Birth Year : 1620
Death Year : 1691
Country : Netherlands
Aelbert Cuyp, a landscape artist who was often called the Dutch Lorrain, was born in Dordrecht. He came from a family of artists; his grandfather and uncle were glass stainers and his father, Jacob Gerritsz Cuyp, was a portraitist. Cuyp studied art with his father and had as his fellow student a young uncle. Upon the death of his parents, Cuyp inherited a considerable fortune and a few years later, in 1659, he married a widow who was a member of a patrician family. He was active in civic and religious affairs in Dordrecht throughout his life, becoming a deacon of the Reformed Community in 1659, an elder of the Church Council in 1667, and a member of the Tribunal of Eight for the Southern Provinces in 1682. Cuyp's wife died in 1689 and he probably spent the last two years of his life at the home of his only daughter and her husband, proprietor of a brewhouse called "le Lis."
Cuyp, who painted still lives, animals, portraits, and landscapes, worked in two distinct styles.
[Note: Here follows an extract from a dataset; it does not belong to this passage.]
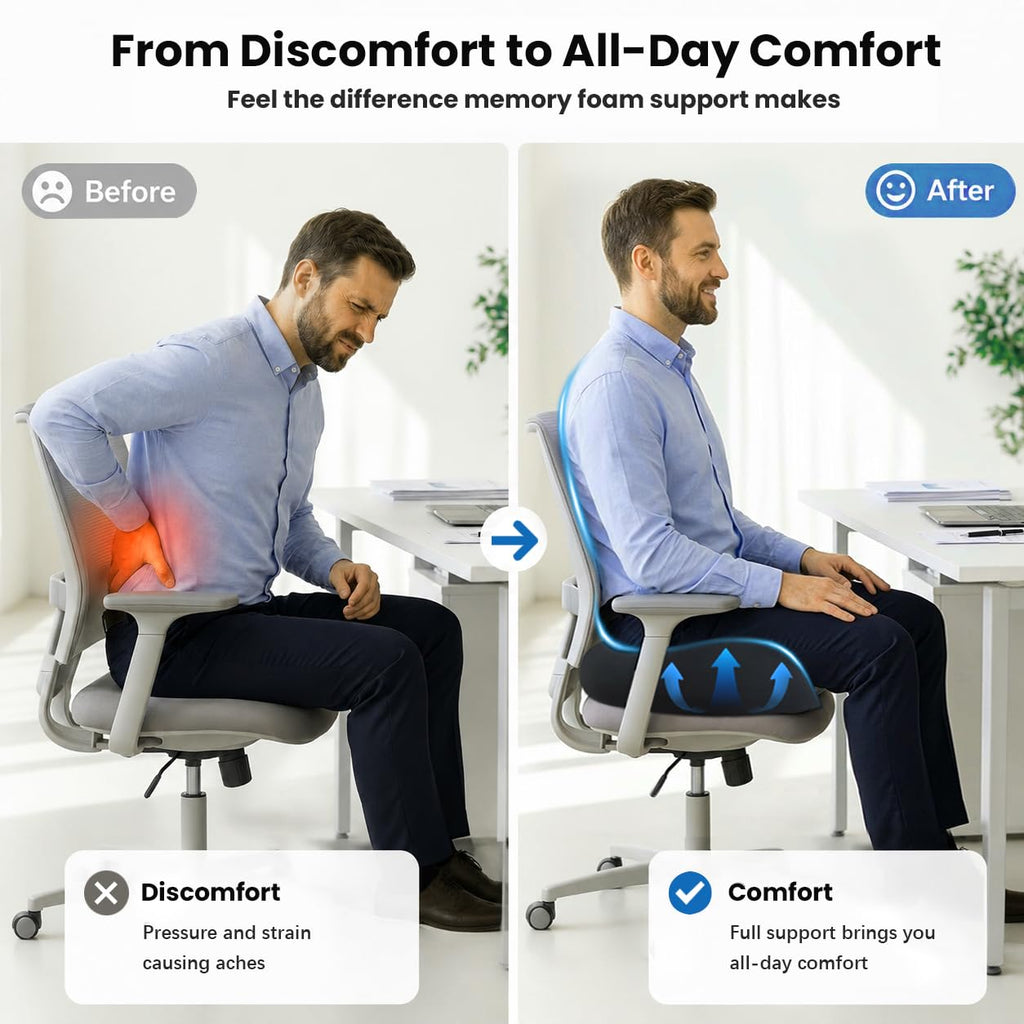 BEIKIMSU Memory Foam Seat Cushions with Ergonomic Design for Tailbone Pain - image 3
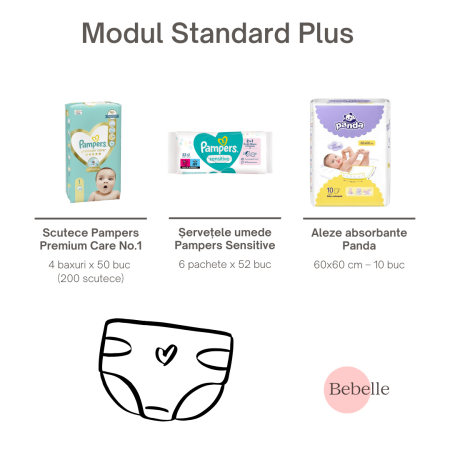 Module - Modul Standard PLUS Bebelle – Set lunar Pampers și Aleze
Between 1639 and 1645, under the influence of other artists, Cuyp painted naturalistic, diagonal compositions that show a good sense of space and an almost monochromatic yellowish-gray color. His more individualistic style, most evident in his work from the period between 1650 and 1670, is considered his best. Cuyp's paintings are sunny and lively in atmosphere, profound in tonalities, simple in outline, well-balanced in composition, and notable for the large, rich foreground masses. Although his palette tends largely to yellow, pinkish red, warm browns, and olive green rather than blue and silver grey, he is considered a forerunner of Vermeer in his handling of light.